Abe’s repeated attempts to play down radiation fears in Tokyo were far from reassuring, said one woman among the 160,000 Fukushima residents who had to flee their homes after the March 2011 tsunami on Japan’s northeast coast caused a triple meltdown at the nuclear plant.
Instead, they “only serve to show that the situation in Fukushima is serious,” she told the Mainichi Shimbun shortly before the IOC decision.
If the 1964 Olympics heralded Japan’s reemergence into the international community less than two decades after its defeat in World War II, there is guarded optimism that the 2020 version will mark a turning point for the world’s third biggest economy after almost two decades of stagnation.
The Tokyo Olympics will make use of refurbished existing venues and several new sports arenas. Along with infrastructure projects, the cost of hosting has been estimated at just under $8 billion, more than half of which is already in the bank.
The centerpiece will be a futuristic, 80,000-seat main stadium shaped like an aerodynamic bicycle helmet.

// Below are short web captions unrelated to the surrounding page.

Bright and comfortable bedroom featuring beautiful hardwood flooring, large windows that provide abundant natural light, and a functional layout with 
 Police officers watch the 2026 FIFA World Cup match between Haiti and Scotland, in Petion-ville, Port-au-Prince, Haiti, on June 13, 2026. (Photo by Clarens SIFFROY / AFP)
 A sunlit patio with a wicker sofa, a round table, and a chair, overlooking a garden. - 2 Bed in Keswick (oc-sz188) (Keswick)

Organizers claim the Games will be the most compact in Olympic history, with 85 percent of the venues within five miles of the athletes’ village.
Hosting the Games could produce economic effects of more than $40 billion and create more than 150,000 jobs, according to an estimate by SMBC Nikko Securities.
Benefit?
Japan’s economy will benefit from rising demand in the construction sector, the report said, along with an expected boom in sales of Olympic-related goods and consumer electronics. The government hopes to attract 8.5 million tourists during the event.
Tokyo’s victory would "cheer up the Japanese people, and above all, bring courage and hope to those in areas affected” by the earthquake, Hiromasa Yonekura, head of the Japan Business Federation, said in a statement. The momentum generated by Olympic redevelopment in Tokyo, increased tourism and investment in infrastructure, would drive Japan’s economic recovery, he added.
Some have questioned the merits of embarking on such a costly exercise before Japan has addressed its huge public debt – now more than twice the size of its gross national product – and when so little progress has been made toward rebuilding its tsunami-hit northeast coast and decommissioning Fukushima Daiichi.
Having intervened to calm fears about radiation levels in Tokyo, Abe appears to recognize that, for the next seven years, the world will be scrutinizing his response to the nuclear plant’s myriad challenges even more closely than before.
"We have made promises,” he said after the vote. "Now we have a responsibility to meet those expectations."